Me propone volver a publicar la segunda parte de mis artículos, es decir la que conocemos como “Don Quijote, cautivo de amor”. Y claro, vanidad de autor ante todo, a mí me parece de perlas. Pero me parece también que para ello sería conveniente explicar algo sobre este peculiar cautivo.

Hace tiempo, ya mucho, una amiga me dijo que con mis artículos primeros sobre Cervantes en el blog parecía un académico. ¿Por qué no escribes algo sobre lo que a ti te ha supuesto personalmente el Quijote?, me dijo. Y de esa pregunta nació este cautivo.

Está muy mal que un autor se explique a sí mismo. No deja de ser un ejercicio de egolatría innecesario e inútil, porque por mucho que uno se explique, otro verá, entenderá o interpretará otra cosa. Pero ya que nuestro director me lo propone, permíteme, amable y paciente lector, que te aburra con mis comentarios sobre el conjunto de artículos que tratan del cautivo de amor.

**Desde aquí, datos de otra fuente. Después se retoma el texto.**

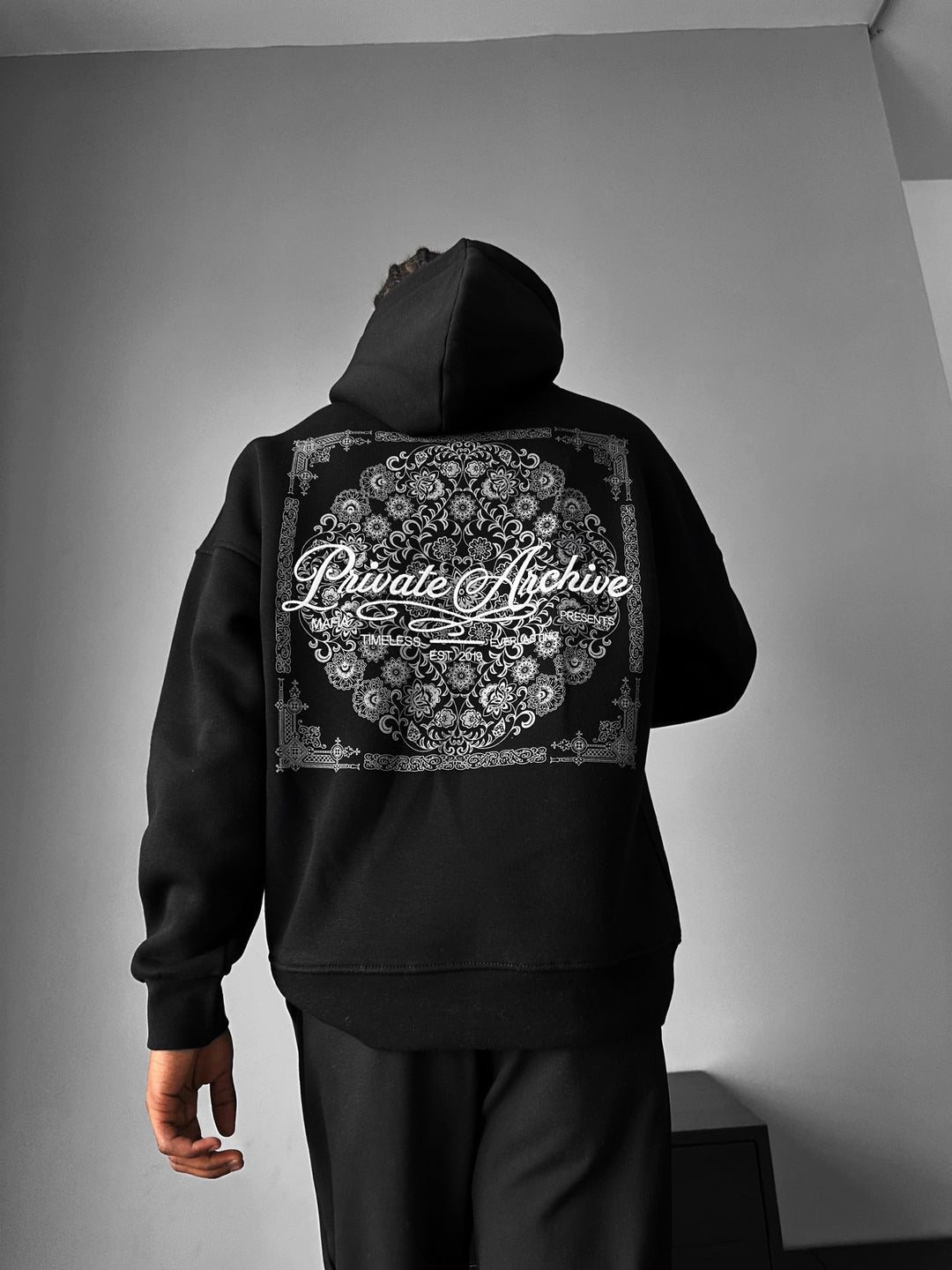Oversize Private Archive Hoodie - Czarny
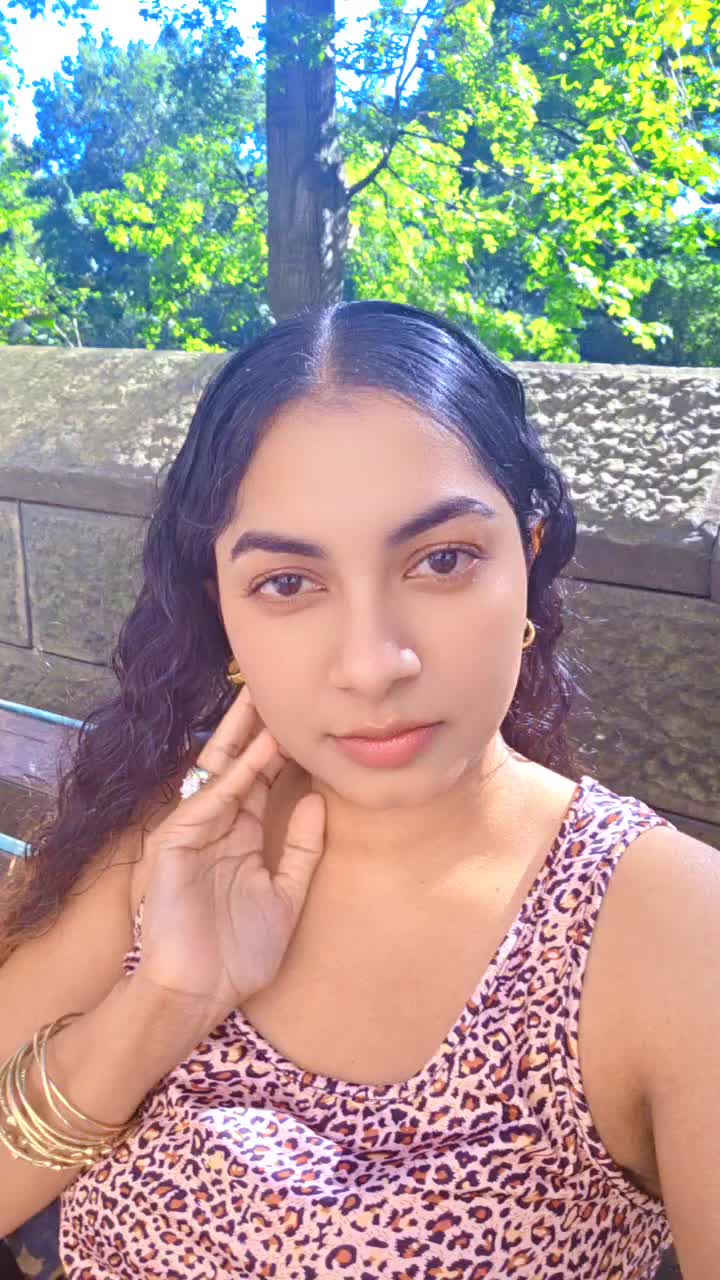 @Bella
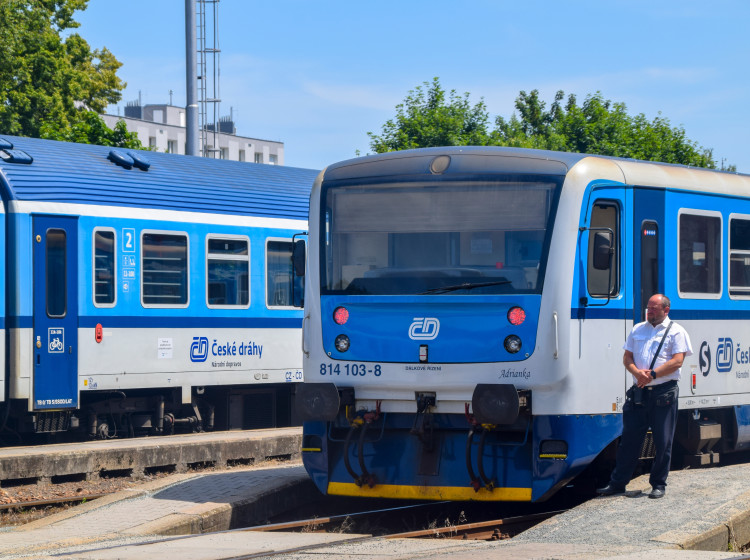 Každý rok se v Česku uskuteční přes 180 milionů jízd vlakem, přesto většina cestujících detailní pravidla vůbec nezná.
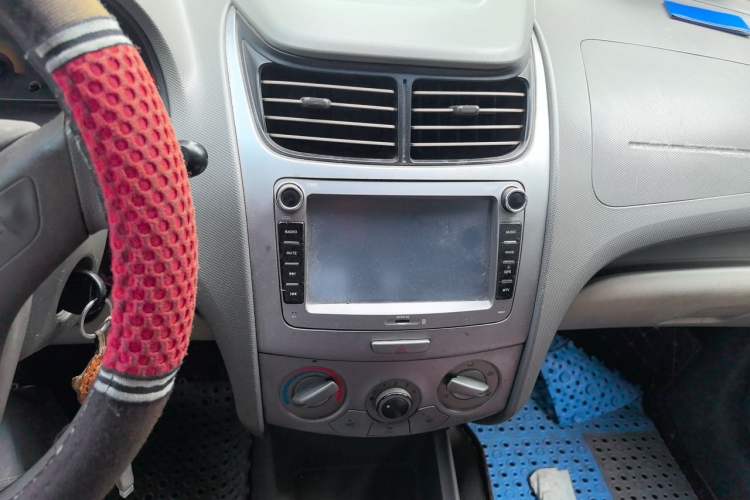 Used Chevrolet Sail 2013 Sedan 1.2L Manual Warm Edition Audio And AC Panel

Lo primero que me parece conveniente señalar es que todo el conjunto de artículos está concebido como un único relato. Es decir, se podría considerar el conjunto como un cuento largo o una novela corta, porque se cuenta una historia, la de un eterno adolescente que en la España proto democrática de finales de los setenta, en una circunstancia y lugar especialmente conflictivos (el Hospital Clínico de Madrid con la madre en apuros de vida o muerte) se empeña en resolver una cuestión eterna, y personal, a través de un libro eterno y universal. Como diría Lucio Dalla muchos años después, el joven se empeña en resolver “che cosa sia questo battito del mio cuore, che cosa sucede dentro”. Problema sin solución que sigue dando mucha guerra.

El conjunto de artículos sobre nuestro cautivo se inaugura con el que lleva por título “El amor en Don Quijote” de abril de 2016. Se continúa con “Amor y lujuria en Don Quijote” y avanza con los artículos siguientes que llevan el nombre genérico de “Don Quijote cautivo de amor”. Lo siento. El nombre se me ocurrió un poco tarde. Sin embargo, desde el principio ya sabía lo que quería contar y a dónde quería llegar. El amable lector juzgará si lo he conseguido o no.

Sí puedo comentar, para seguir echando incienso al autor, que los artículos/cuento/narración tienen una serie de ejes que no querría dejar pasar por alto y que me parecía necesario mantenerlos constantes a través de todo el relato.

Destaco los siguientes: a/ el joven en busca del amor, b/ la transición política, c/ la amistad y complicidad literaria y vital, d/ el hospital como imagen de una sociedad en mutación, e/ la madre como referente de una sociedad patriarcal y depositaria de la tradición oral (refranes), y f/ algo había que decir sobre el libro de Cervantes.

De autobiografía tiene lo justo. Todo lo que cuento es verdad, pero es una verdad psicológica. No sé si lo que cuento pasó o simplemente me imaginé que pasaba. Pero ése, parece, es el poder que otorga la literatura.